_Supplied information_.
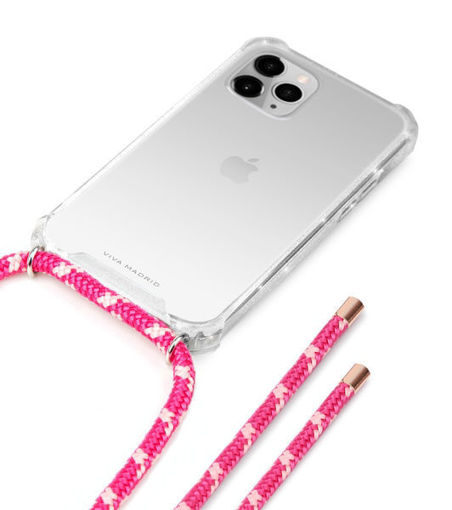 Picture of Viva Madrid Portra Clear Case for iPhone 12 Pro Max - Pink Lanyard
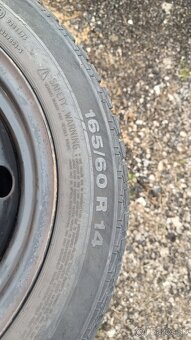 sada diskov 14x5J KIA s pneu continental 165/60 R14 79T - 3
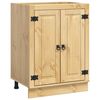 vidaXL Kast SKI HoningBruin 60 x 46 x 81,5 cm Massief grenenhout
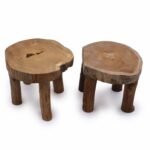 Ancient Wisdom Set of 2 Teak Wood Higher Pad Display - 27 x 20cm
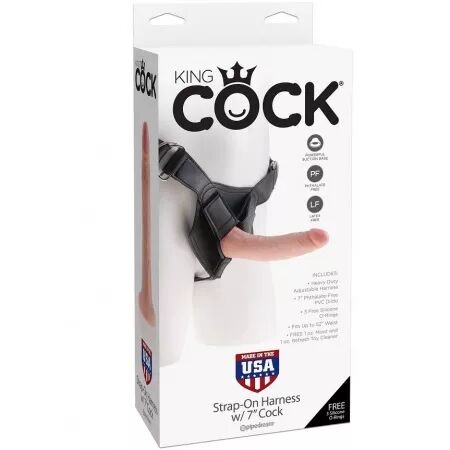 KING COCK - HARNAIS AVEC PÉNIS RÉALISTE 17,8 CM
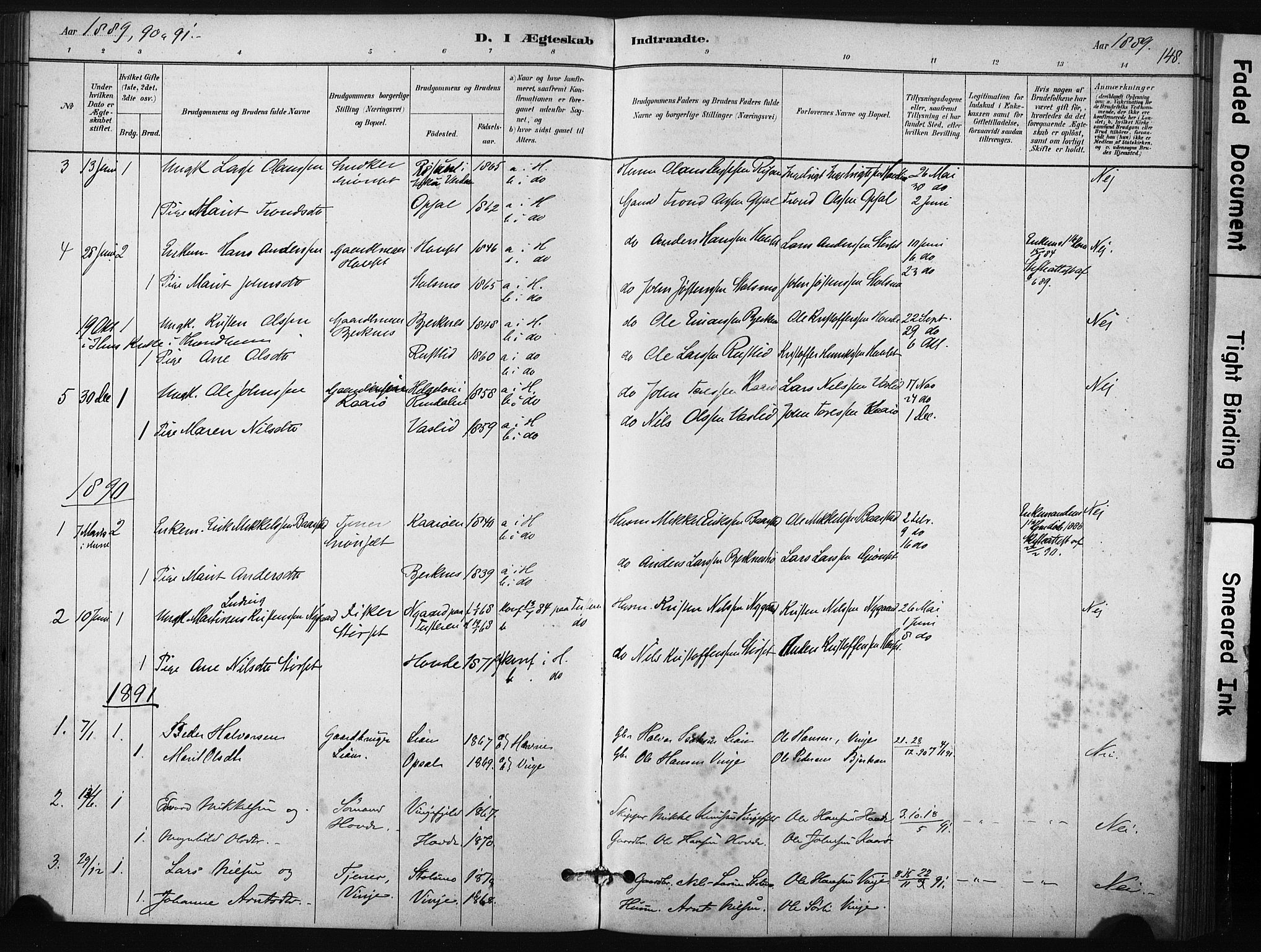 Ministerialprotokoller, klokkerbøker og fødselsregistre - Sør-Trøndelag, SAT/A-1456/631/L0512: Parish register (official) no. 631A01, 1879-1912, p. 148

_Task_. Copy out the whole listing exactly. Skip its pictures.

_Written solution_.
 Picture of Viva Madrid Portra Clear Case for iPhone 12 Pro Max - Pink Lanyard
 sada diskov 14x5J KIA s pneu continental 165/60 R14 79T - 3
 vidaXL Kast SKI HoningBruin 60 x 46 x 81,5 cm Massief grenenhout
 Ancient Wisdom Set of 2 Teak Wood Higher Pad Display - 27 x 20cm
 KING COCK - HARNAIS AVEC PÉNIS RÉALISTE 17,8 CM
 Ministerialprotokoller, klokkerbøker og fødselsregistre - Sør-Trøndelag, SAT/A-1456/631/L0512: Parish register (official) no. 631A01, 1879-1912, p. 148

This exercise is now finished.